A estas alturas del periodo postelectoral, la rivalidad extrema y los discursos de odio cada vez menos solapados han dejado de ser novedad en el Perú. A las incesantes acusaciones de fraude en estos días se le ha sumado una última novedad: el pedido – aparentemente infructuoso – a la OEA para gestionar una auditoría internacional al proceso de segunda vuelta. ¿El objetivo? Anular más de 800 actas que, según Fuerza Popular y sus allegados, presentan irregularidades. Para Alberto Vergara Paniagua, politólogo y docente universitario, todo este escenario constituye “una serie de tácticas dilatorias que han sido respaldadas, principalmente, por las clases dominantes limeñas (…) con el propósito de deslegitimar las elecciones y crear una atmósfera de temor e incertidumbre”. Así lo explicó en el ensayo compartido con Steven Levitsky que realizó para el New York Times el pasado 23 de junio, y así también lo viene diciendo en los diferentes medios y espacios en los que contribuye con un análisis profundo sobre la crisis social. En esta oportunidad, Vergara conversó con Nexos para brindar una visión más amplia sobre aquella problemática que no es exclusiva del Perú, pero cuyas bases están tan ancladas a nuestra sociedad que dificultan, o por lo menos retrasan indefinidamente, el inicio de una recuperación ciudadana.

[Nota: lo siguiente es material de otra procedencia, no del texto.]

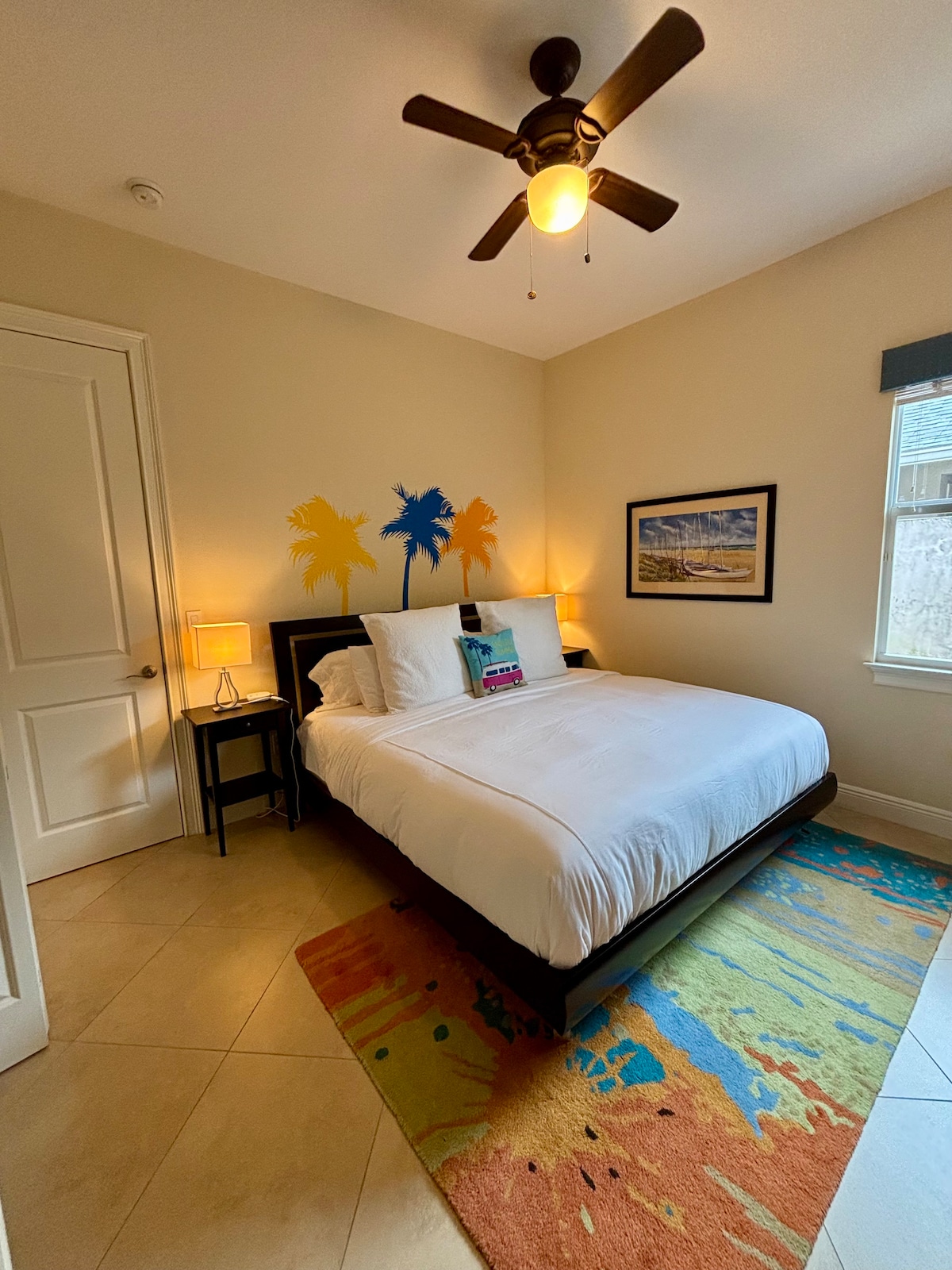 Dormitorio king + baño Jack-n-Jill 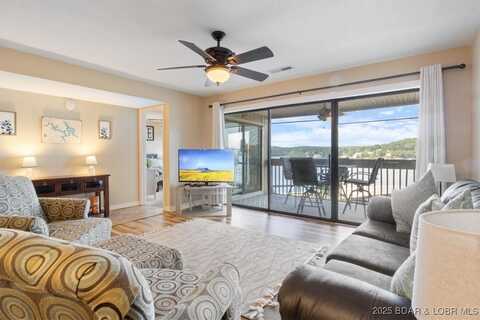2500 Bay Point Lane, Osage Beach, MO 65065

- El concepto de la democracia ha sido excesivamente manoseado estas últimas semanas, ¿qué significado le dan hoy los peruanos?
Los peruanos le dan varios significados al término democracia. Para algunos es una palabra con un contenido social; para otros, un conjunto de reglas para elegir presidentes. En el contexto más reciente, un bando ha buscado capturar la palabra con una utilización antojadiza y de mala fe del término. Pero, en realidad, en las últimas semanas ya ni siquiera se usa la coartada de la defensa de la democracia. Keiko Fujimori, en varias conferencias de prensa, ha dicho que ya no es un asunto de defender los votos o la democracia, es un asunto de lucha contra el comunismo. Y aún más manoseado que [el término] democracia, es el término comunismo. El Perú es el exótico, paradójico, extraño caso del país donde habría comunismo sin comunistas. ¿Alguien realmente cree que el votante de Castillo es un leninista convencido y doctrinario? No. Es una persona que seguramente hace 5 años votó por Keiko y hace un año era vizcarrista. Y ahora de pronto habría una ideologización masiva. No tiene ningún sentido. Es un delirio tratar de analizar la política peruana desde conceptos ideológicos que no sirven para nada más que para asustar, para meter miedo.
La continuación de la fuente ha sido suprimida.